Two former Duke graduate students are the recipients of the 2020 Harold M. Weintraub Graduate Student Award, which recognizes outstanding achievement during graduate studies in the biological sciences. Victoria Deneke and Nandan Gokhale, both whom graduated from Duke in 2019, were announced by the Fred Hutchinson Cancer Research Center today as recipients of the annual international award.
Victoria Deneke completed her PhD in Cell Biology in 2019 and is now a postdoctoral scholar at the Institute for Molecular Pathology (IMP) in Europe. While at Duke, she worked in the laboratory of Stefano Di Talia, PhD, an assistant professor in the Department of Cell Biology, studying the organization principles of the embryonic cell cycle in Drosophila melanogaster. Deneke was the first author of two research publications and two reviews articles in the journals Seminars in Cell and Development Biology, Development Cell, Journal of Cell Biology, and Cell. She was the recipient of several academic fellowships and honors, including: HHMI International Student Research Fellowship (2016), Schlumberger Faculty for the Future Fellowship (2015), Duke BioCoRE Scholar (2013), Boehringer Ingelheim Fonds Travel Grant (2018), JCB Norton B. Gilula Travel Award (2018), Journal of Developmental Biology Travel Award (2018), ASCB Travel Award (2017), and Duke Regeneration Next Travel Award (2017). Deneke was one of the co-founders of Duke INSPIRE.

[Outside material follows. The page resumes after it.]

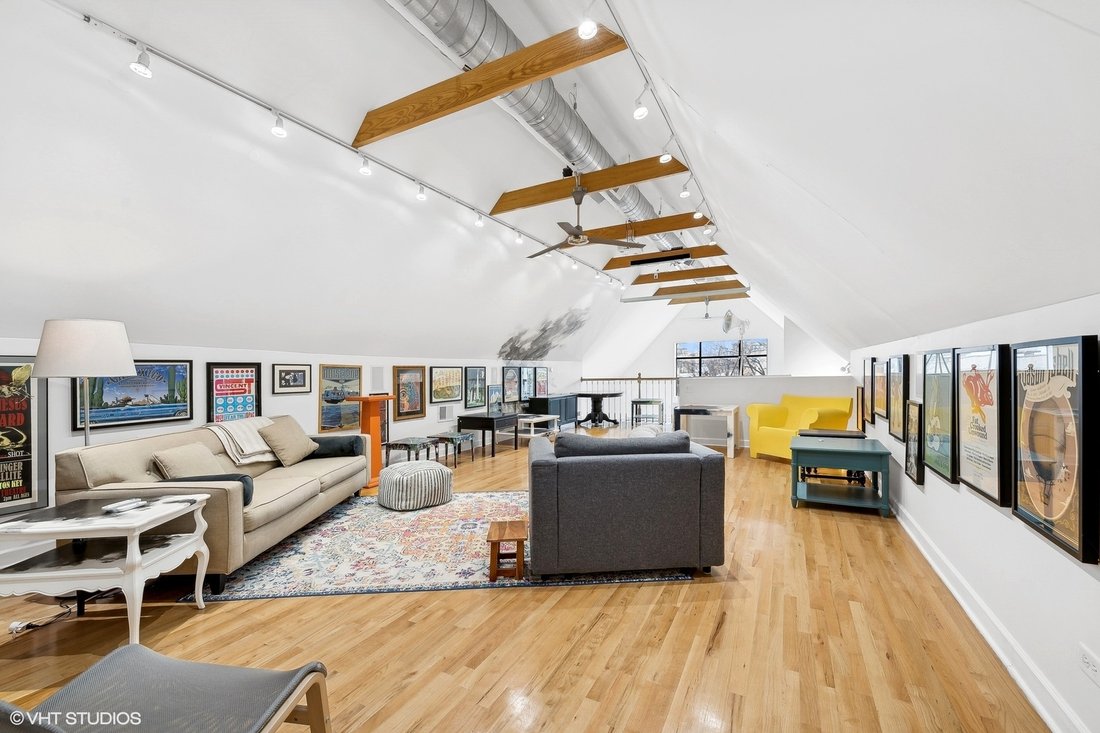 House in Chicago, Illinois, United States 2 - 16587215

"I am very happy that Victoria was selected for this award,” said Di Talia. “In her PhD thesis work, Victoria embraced the interdisciplinary and collaborative approach that was needed to make progress on the important question of control of the cell cycle and nuclear positioning in early embryogenesis. Through her work, we have gained novel insight on how self-organized biochemical and mechanical signals can ensure precision of developmental processes."

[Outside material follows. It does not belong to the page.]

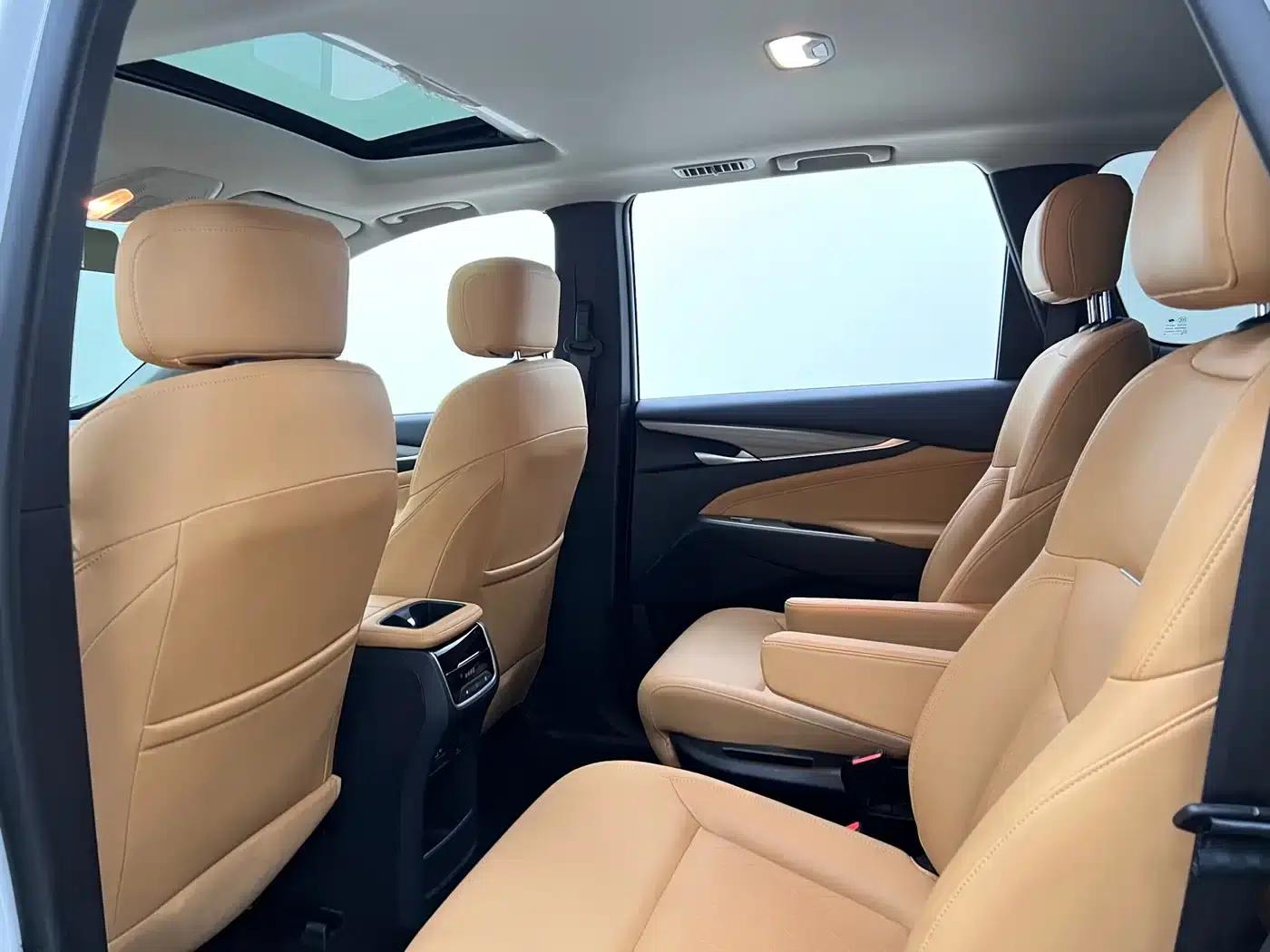 Maxus G50 Plug-in Hybrid 2025 Navigator Edition — миниатюра 17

Nandan Gokhale completed his PhD in Molecular Genetics and Microbiology in September 2019. He is now a postdoctoral scholar at the University of Washington. For his graduate work, which was funded by an American Heart Association Pre-doctoral Fellowship, Nandan worked in the laboratory of Stacy Horner, PhD, assistant professor in the Department of Molecular Genetics and Microbiology, studying how the RNA modification N6-methyladenosine (m6A) regulates infection by viruses like hepatitis C virus, dengue virus, and Zika virus. Gokhale’s work revealed that m6A acts directly on viral RNAs to regulate specific stages of infection. He has also identified infection-induced changes in m6A modification of cellular mRNAs which can modulate the function of these RNAs and ultimately impact the outcome of infection. Together, these findings illuminate how m6A dynamically regulates the host response to RNA virus infection and why it matters.

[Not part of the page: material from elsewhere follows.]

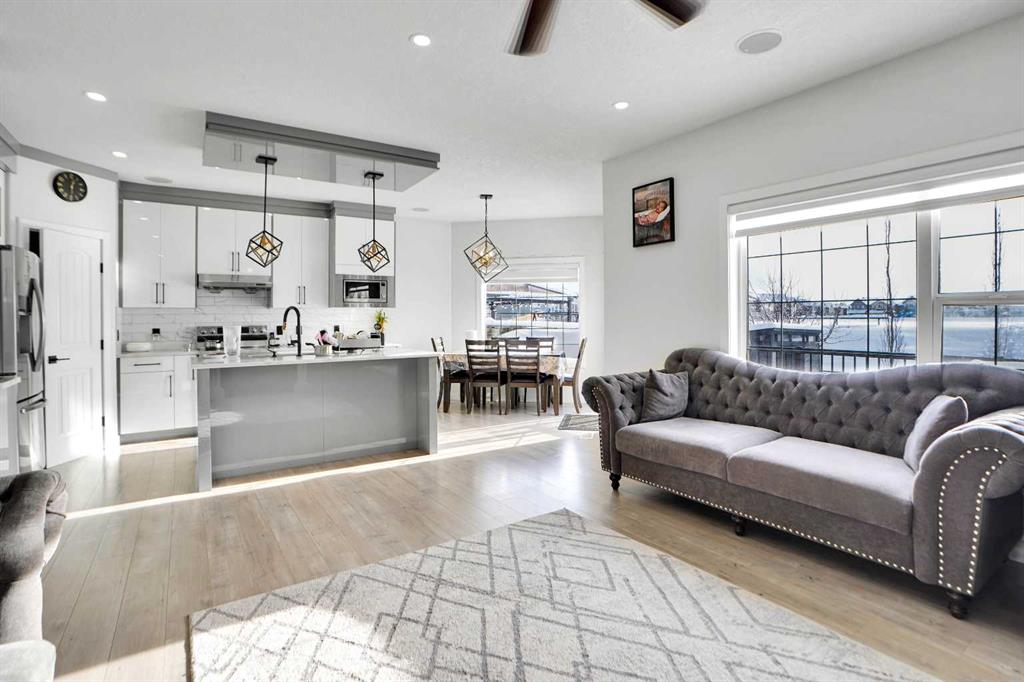 Picture of 85 Saddlebrook Circle NE, Calgary Real Estate Listing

“Nandan is one of those rare individuals that as a graduate student demonstrated truly exceptional creativity and achievement in research,” said Horner “He has an insatiable appetite for scientific learning and engagement, as well as an innate enthusiasm for science, that made mentoring him an absolute delight. As a graduate student in my lab, he performed ground-breaking research that has defined how the post-transcriptional RNA modification m6A regulates infection by RNA viruses in the Flaviviridae family.”
The Weintraub Award is named for Dr. Harold “Hal” Weintraub, who helped found the Basic Sciences Division at the Fred Hutchinson Cancer Research Center and died of brain cancer in 1995 at age 49. The award honors Weintraub’s scientific leadership in the field of molecular biology and his legacy as an extraordinary mentor, colleague, collaborator and friend.